La planche à voile apparaît comme une discipline méconnue par la plupart des aficionados du sport alors que la France occupe une place de choix sur l’échiquier mondial. Lucie Belbeoch, brillante étudiante à l’ESCP mais surtout athlète de haut-niveau, nous fait découvrir son sport de prédilection ainsi que ses objectifs olympiques. 

C’est sous l’influence de mon frère que j’ai commencé la planche à voile, à l’âge de 11 ans au club des Crocodiles de l’Elorn à Brest. Au départ, l’idée était de commencer en loisir afin de découvrir le support, puis j’ai rapidement bifurqué sur de la compétition départementale.

Je me suis essayée à différents sports avant de me dévouer à la planche à voile. J’ai commencé par de la gymnastique, puis de la natation, de la danse, de la natation synchronisée et de l’escrime, mais l’appel de la mer était trop fort.

Mon club était clairement orienté vers la compétition, avec deux médaillés olympiques en planche à voile : Franck David (1992, JO de Barcelone) et Faustine Merret (2004, JO d’Athènes). Les entraîneurs m’ont donc poussé rapidement vers du haut-niveau notamment en me dirigeant vers un lycée sport étude. C’est clairement à ce moment-là que ma carrière a débuté.

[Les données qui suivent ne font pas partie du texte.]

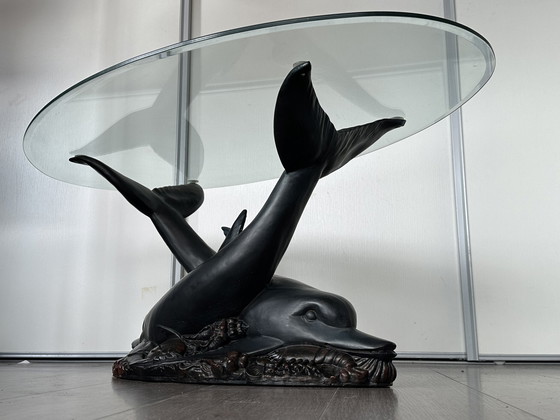 Image 1 of Hollywood Regency dolphin table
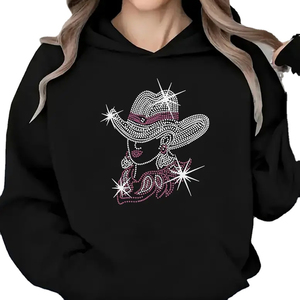 Sudadera con Capucha Brillante para Mujer, Personalizada, con Diamantes Negros, 100% Algodón, 400 GSM, en Oferta - Product Image 1
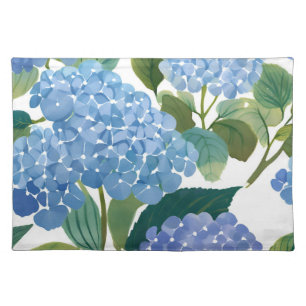 Blue Hydrangeas   Beautiful Floral Bush Cloth Placemat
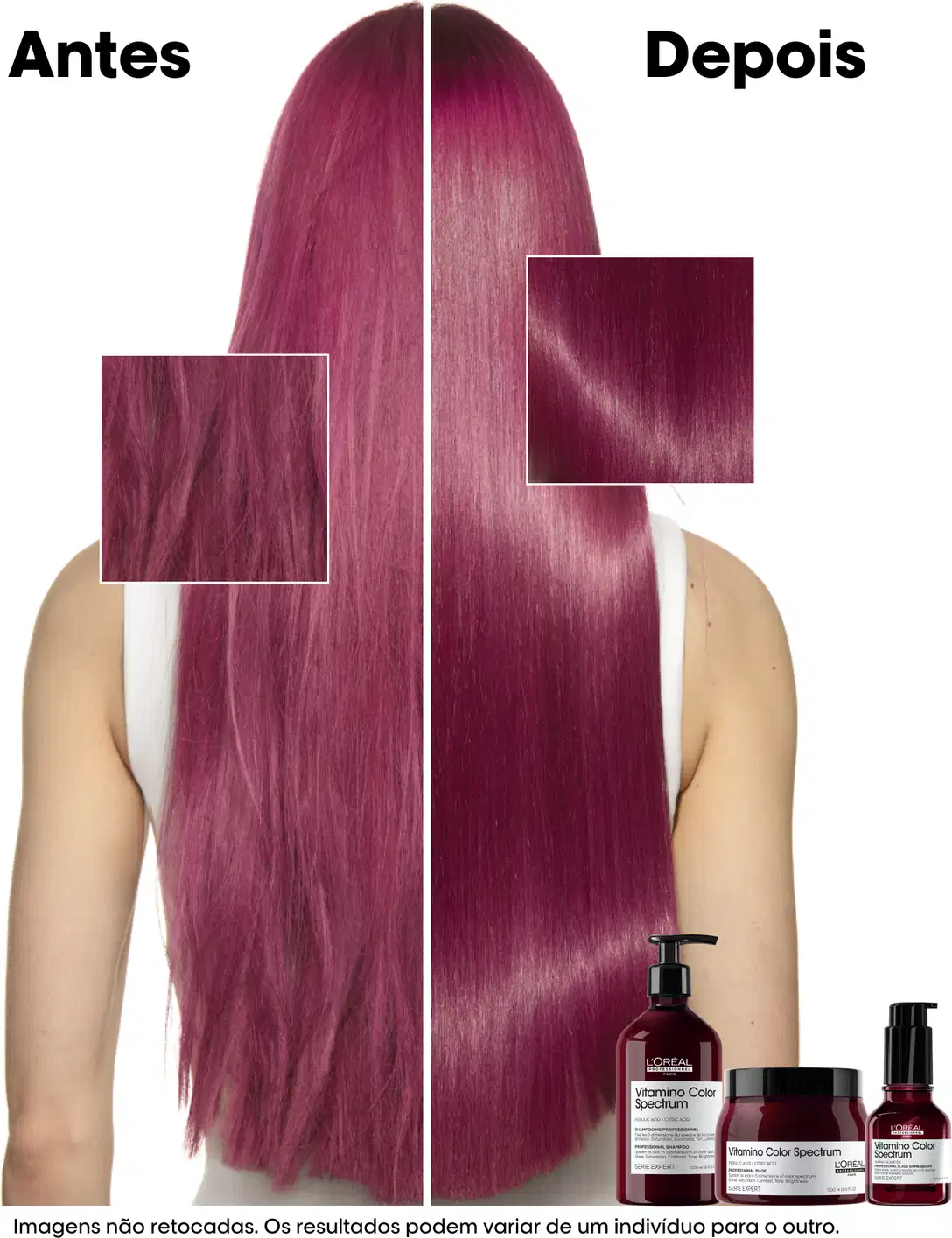 antes e depois do uso dos produtos da linha Vitamino Color Spectrum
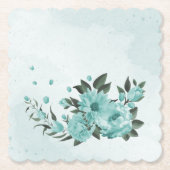 Romantische blauwe bloemen & groene bladeren kartonnen onderzetters (Voorkant)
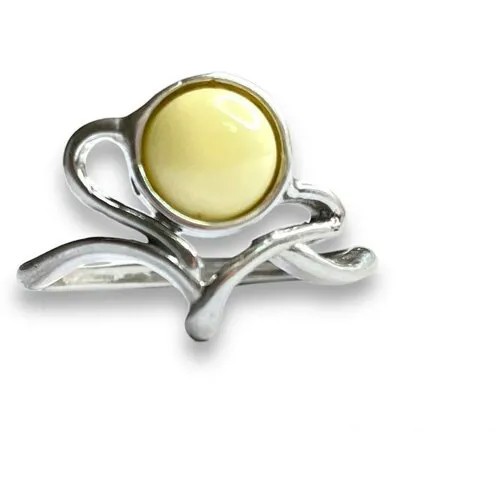 Кольцо, серебро, 925 проба, янтарь, размер 18.5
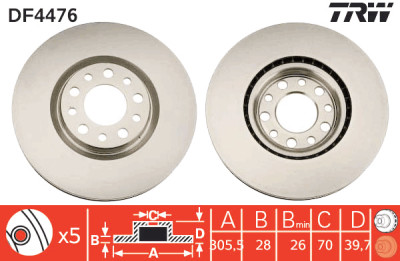 Set di (2) dischi freno TRW DF4476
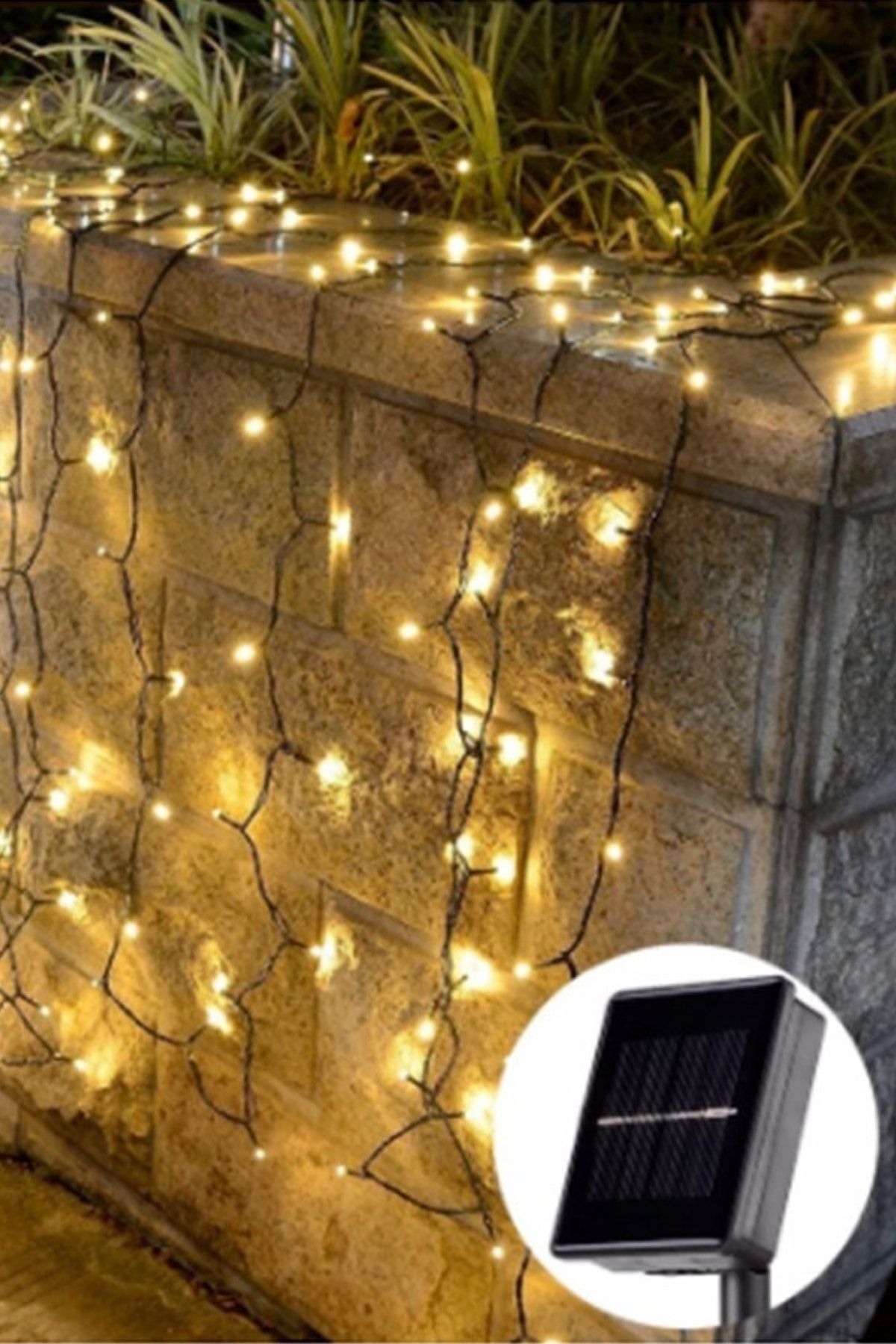 Ahşap Şehri Solar Dekoratif Kablo Günışığı 5 Metre Güneş Panelli Led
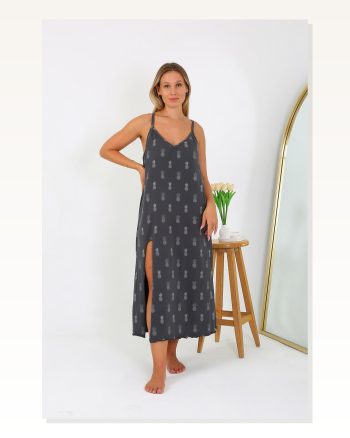 Kadın Moda Çizgi Büyük Beden İp Askılı Uzun Gecelik 12112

Ce qui me plaît dans cette discipline, c’est tout d’abord les sensations de glisse et de vitesse. Aussi, c’est un sport en extérieur, je suis dépendante des conditions et je dois constamment m’adapter et jouer avec cela. Chaque entraînement est différent. On regarde forcément avec admiration les figures phares de notre sport et au départ, c’est Faustine Merret qui m’a inspiré : même club, même passion, même motivation.

Au début, je m’entraînais les mercredis et samedi après-midi. Puis en sport étude, quand je suis passée sur la planche à voile olympique, la RSX, la cadence s’est accélérée avec les vendredis après-midi en supplément. Aujourd’hui je m’entraîne sur l’eau, du mercredi au dimanche. La préparation physique quant à elle est quotidienne. Au niveau du physique, le véliplanchiste doit être complet. La préparation se résume à de la musculation avec beaucoup de travail en instabilité, dynamisme et poids de corps. S’y ajoute du rameur, les séances les plus horribles … ainsi que du vélo de route et de la course à pied.

CONCILIER MES ÉTUDES ET MON STATUT D’ATHLÈTE DE HAUT-NIVEAU

La planche à voile est olympique, mais n’est pas très médiatisée. En France, il est quasiment impossible d’en vivre. Les sponsors se font rares et les retombées médiatiques sont plutôt faibles pour le moment. C’est pourquoi j’ai choisi de poursuivre mes études. J’ai obtenu une licence d’économie et gestion à l’Université de Bretagne Occidentale de Brest. Aujourd’hui je suis étudiante en master 1 à l’ESCP Europe à Paris. Au départ, au niveau professionnel je voulais m’écarter du milieu du sport. Puis je me suis rendue compte que tout m’y ramène … cela serait trop dur de lutter. J’envisage donc de travailler dans le marketing sportif. J’accorde autant d’importance aux études qu’au sport de haut-niveau.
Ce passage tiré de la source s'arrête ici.